In the case of Redrow v Homes Yorkshire (Ltd) v Buckborough & Anor  UKEAT 0582/07 the EAT has held that a contractual term may be considered a sham where the term does not actually reflect the parties’ intentions as to how the contract will be performed.
The Claimants, who were engaged as contractors by Redrow to work as bricklayers, made a claim for holiday pay. For their claim to succeed, the Claimants had to show that they were “workers”.
For holiday pay purposes, a “worker” includes (a) employees; and (b) anyone under an obligation to provide work or services personally. Under the Claimants’ contract, the Claimants agreed to provide “such labour as was necessary to maintain the required rate of progress”. The contract specifically stated that they were not obliged to perform the labour themselves.
The Claimants argued that, despite the contract containing a clause which allowed them to provide a substitute, the parties had intended that they would perform the work personally.
Decision and Principles
The Employment Appeal Tribunal (“EAT”) upheld the Employment Tribunal’s decision and found that the Claimants were “workers” for the purposes of the holiday pay legislation.
Although there was no intention by either party to deceive a third party or the court, the EAT concluded that the substitution clause in the contract was a sham.
This is because the reality of the situation and the intention of both parties at the time when the contract was entered into was that the Claimants would carry out the work personally.
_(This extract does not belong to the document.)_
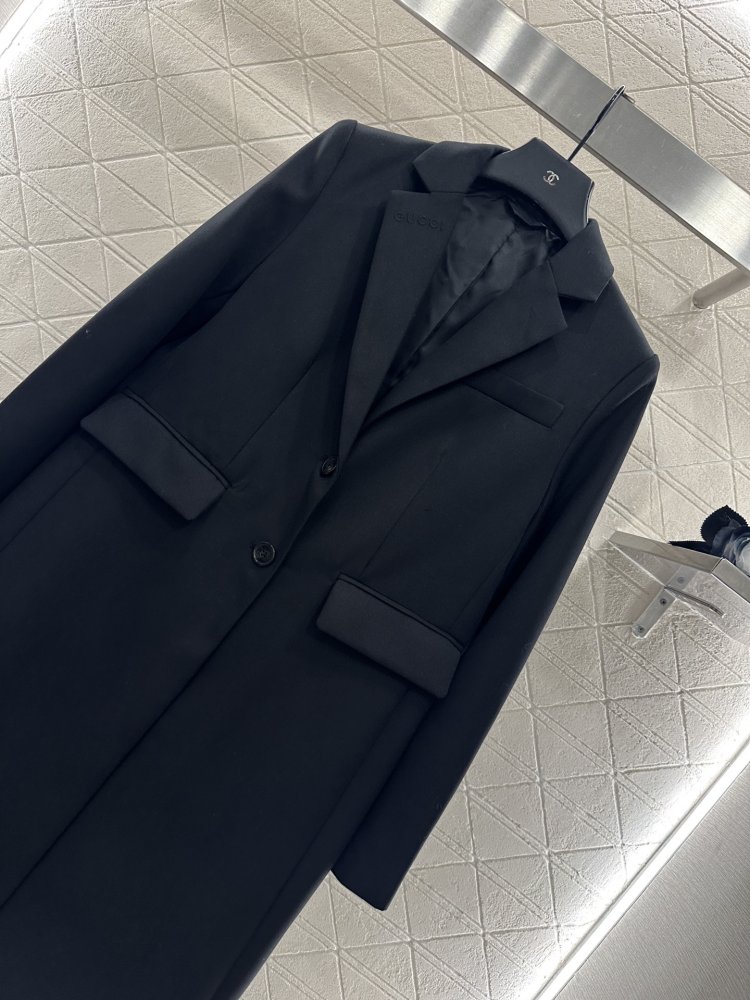 Long coat from direct lapels фото 3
At the time the contract was signed, it was not expected by either party that the Claimants would seek to provide a substitute or refuse the work offered and, in reality, the substitution clause was never used.
In addition, even if it had not found the substitution clause to be a sham, the EAT held that the clause still imposed a duty on the Claimants to either (a) provide the required labour themselves; or (b) personally find someone else to do so. Therefore, the Claimants would still have been under an obligation to execute work or perform services personally and, therefore, the Claimants still fell within the definition of “worker”.
What this means in practice
This case serves as a reminder that any clauses in a contract which do not reflect the intentions of the parties as to how the contract will operate in practice are likely to be considered a sham (whether or not there is any joint intention to deceive third parties (such as the Revenue) or the court).
It is therefore extremely important for companies to ensure that contractual documentation accurately records what the parties intend to happen in practice.
This case also establishes that where there is an obligation on an individual to perform work or services personally (even where that obligation may only be to provide a substitute and ensure that the substitute performs the work to the required standard), that individual will be a “worker” for holiday pay and other working time purposes.